[aur-general] Strange filesystem conflict behavior
Today I upgraded my espeak-test package in AUR from 1.46.53 to the latest 1.47.03b. However, while testing my PKGBUILD, I received a file conflict error when attempting to install the binary package using pacman -U. It seems that /usr/share/espeak-data/voices/en, which is a directory in previous versions of espeak-test as well as community/espeak, has become a voice definition file in 1.47.03b. Apparently, this causes a file conflict error to be raised by pacman during the installation attempt. For now, I have added a comment to the AUR page informing anyone using the package that they should remove the entire /usr/share/espeak-data directory prior to installing the newest espeak-test, since --force should never be used for this kind of thing, and this removal is what I needed to do to get the new package installed. The question is whether or not this was the correct action to take, or if anyone has suggestions for truly fixing the problem. I am also wondering at this point if I have found a bug in pacman that would be causing this conflict error to be raised, in spite of the fact that I have added the proper conflicts and provides fields hat should have kept such an error from occurring. Thanks very much for any help. ~Kyle http://kyle.tk/-- "Kyle? ... She calls her cake, Kyle?" Out of This World, season 2 episode 21 - "The Amazing Evie"

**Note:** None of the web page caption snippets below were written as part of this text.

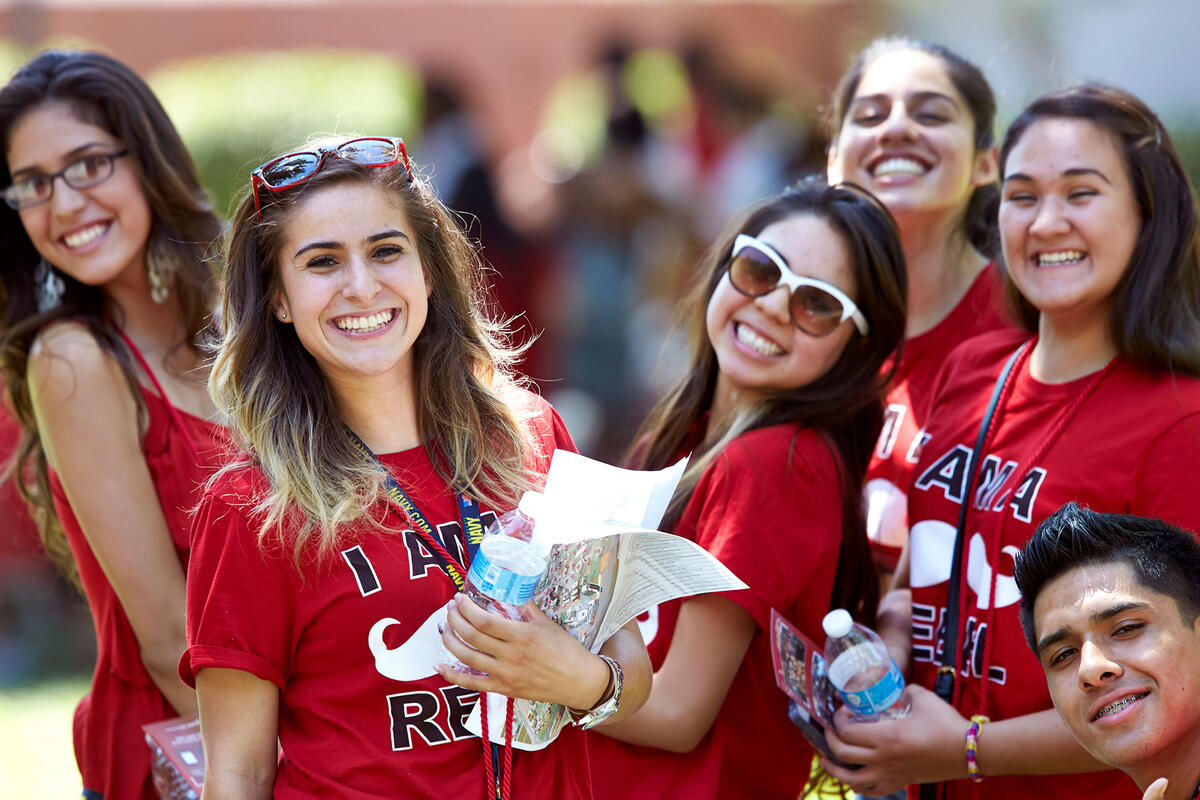 A group of female students wearing rebel red and smiling for the camera.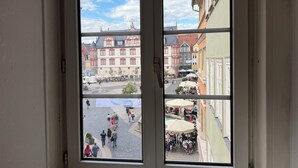 Vista a través de una ventana que muestra una calle con edificios, una fuente y terrazas.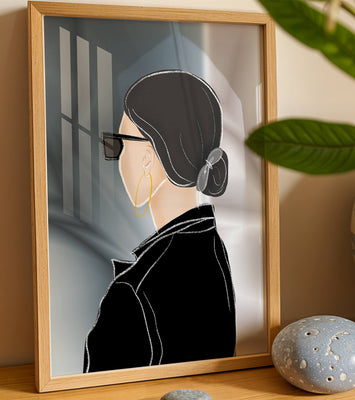 Modern woman with sunglasses and gold hoop earrings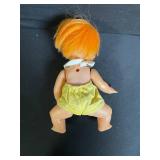 Two Vintage Vinyl Dolls - Red-Haired Floral Dress Doll & Orange-Haired Yellow Romper Doll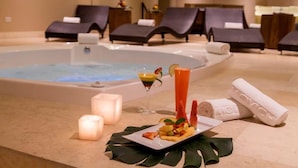 Zona de spa con hidromasaje, sillones reclinables, velas, una bandeja de fruta y un cóctel.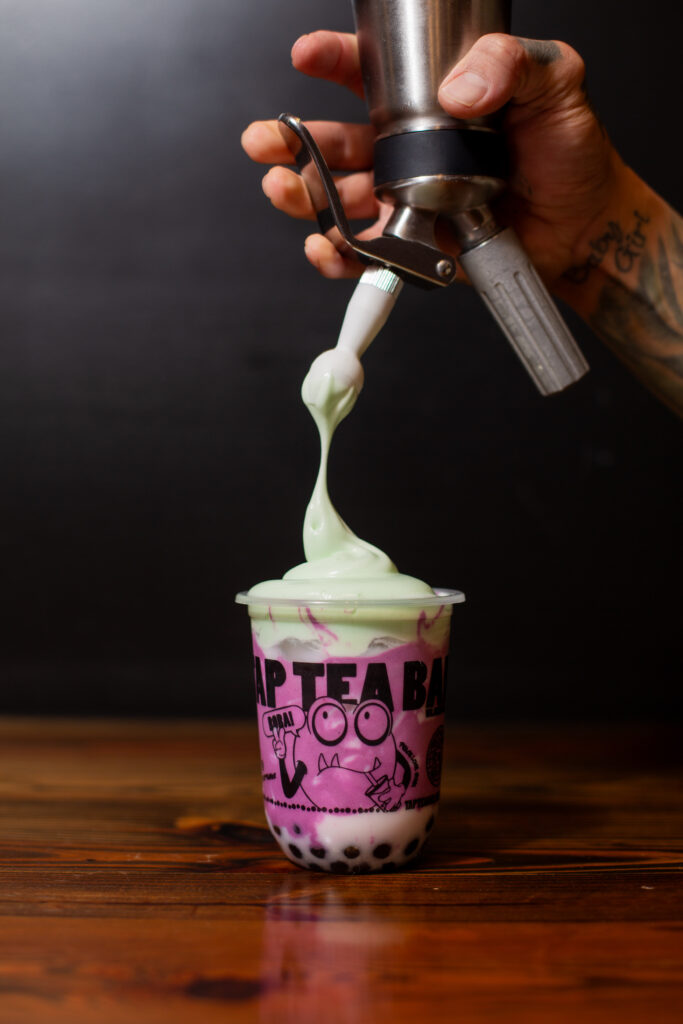 Pink boba tea with whipped topping being added from TAP Tea Bar for Local Spots for College Students on a Budget Arth Real Estate Group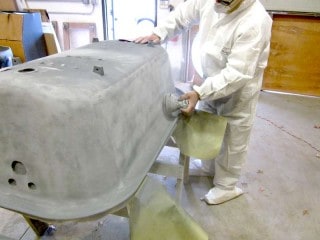 Sanding the exterior of the clawfoot smooth.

On Mon, Mar 25, 2013 at 05:49:55PM -0400, Kyle wrote:
Today I upgraded my espeak-test package in AUR from 1.46.53 to the latest 1.47.03b. However, while testing my PKGBUILD, I received a file conflict error when attempting to install the binary package using pacman -U. It seems that /usr/share/espeak-data/voices/en, which is a directory in previous versions of espeak-test as well as community/espeak, has become a voice definition file in 1.47.03b. Apparently, this causes a file conflict error to be raised by pacman during the installation attempt. For now, I have added a comment to the AUR page informing anyone using the package that they should remove the entire /usr/share/espeak-data directory prior to installing the newest espeak-test, since --force should never be used for this kind of thing, and this removal is what I needed to do to get the new package installed. The question is whether or not this was the correct action to take, or if anyone has suggestions for truly fixing the problem. I am also wondering at this point if I have found a bug in pacman that would be causing this conflict error to be raised, in spite of the fact that I have added the proper conflicts and provides fields hat should have kept such an error from occurring. Thanks very much for any help. ~Kyle http://kyle.tk/-- "Kyle? ... She calls her cake, Kyle?" Out of This World, season 2 episode 21 - "The Amazing Evie"
Can't you just uninstall the previous version before installing the newer version? No need to manually remove anything. Allen
According to Allen Li: # Can't you just uninstall the previous version before installing the # newer version? No need to manually remove anything. This would work, except for the fact that espeakup depends on espeak, so if espeakup is installed, manually removing espeak will automatically remove espeakup, which would then need to be manually reinstalled. Simply removing /usr/share/espeak-data avoids this extra complexity. I'm still confused about why any user intervention would even be necessary when removing the old version and replacing it with a properly conflicting/providing version of the same package. Isn't pacman robust enough to handle changes in the file structure of a conflicting package, as long as the fields are properly filled in, and the old package is being automatically removed? ~Kyle http://kyle.tk/ -- "Kyle? ... She calls her cake, Kyle?" Out of This World, season 2 episode 21 - "The Amazing Evie"
According to Allen Li: # Can't you just uninstall the previous version before installing the # newer version? No need to manually remove anything.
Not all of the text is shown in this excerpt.